It’s not unusual for Ohio parents to have difficulty working together after a divorce. The goal is to put aside their differences for the sake of their children and provide them with the love and support they need to grow up happy and healthy.
Setting up a co-parenting plan often helps lay out the rules and expectations for each parent. It might take some practice to learn how to respect these new boundaries.
New rules with co-parenting
There are plenty of boundaries that need to be considered and addressed when creating a co-parenting plan. If your ex-spouse still tries to turn everything into an argument, your co-parenting plan can set a rule about how and when you and your ex communicate.

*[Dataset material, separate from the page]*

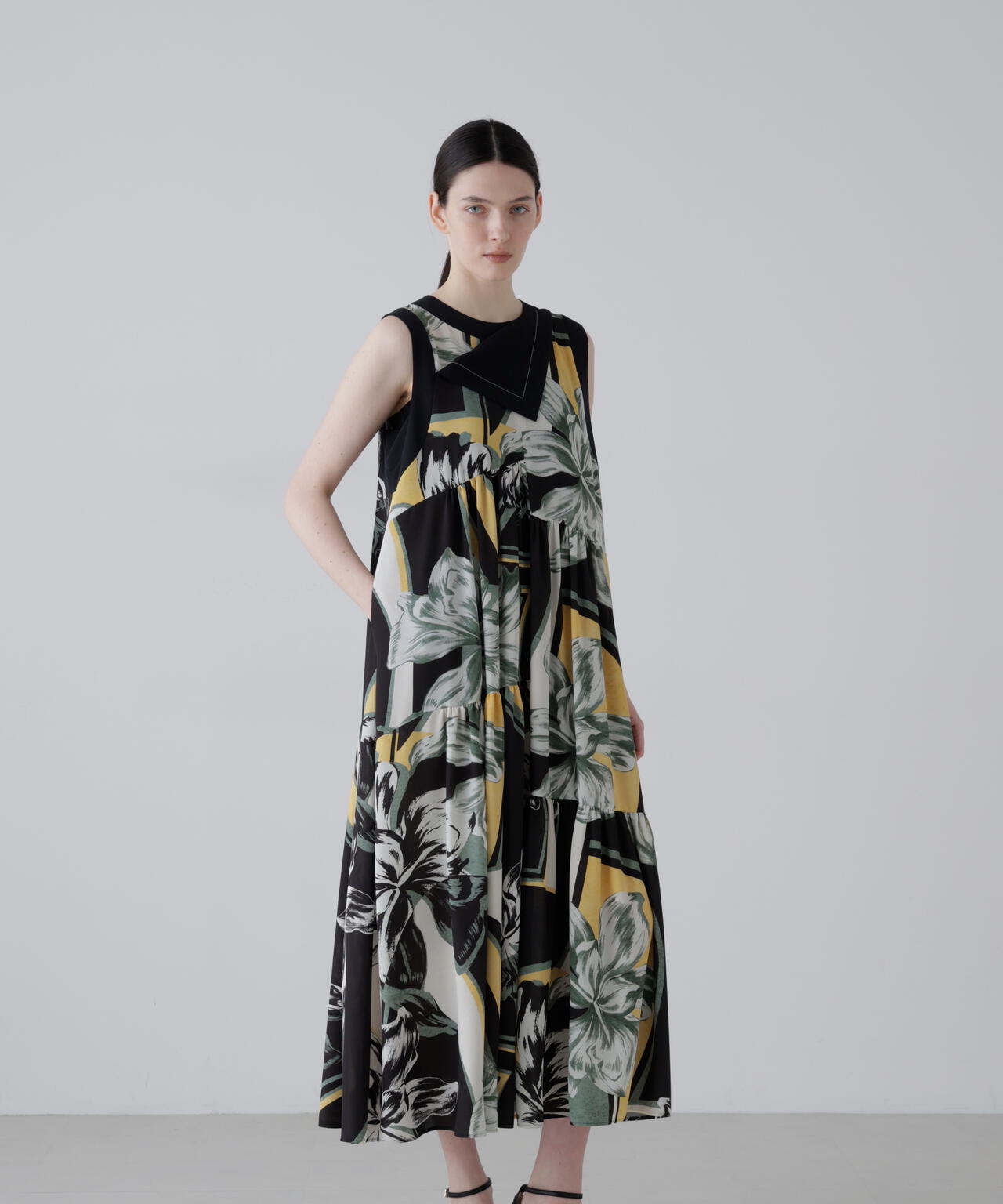 176cm B:80 W:60 H:88 着用サイズ：38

You’ll also want to establish how much information on your personal lives you’re allowed to share with the children – i.e. when it’s acceptable to introduce a new partner should the occasion arise. Setting these boundaries early and revisiting them often can help avoid issues.
Enforcing your boundaries
It’s important to stay calm, but firm when establishing your boundaries. Coming from a place of anger will only prompt a fight and more boundary-pushing. At the same time, you need to be consistent when establishing these boundaries.
Keep your communication in writing as much as possible, just as a safety precaution. If you think it would help, you can get a neutral third party to help you communicate and understand your ex – such as a therapist, or another family member.
However, this is easier said than done, and learning how to co-parent after divorce can be difficult. It may take a long time to develop a good co-parenting plan with your ex-spouse, and have it run smoothly.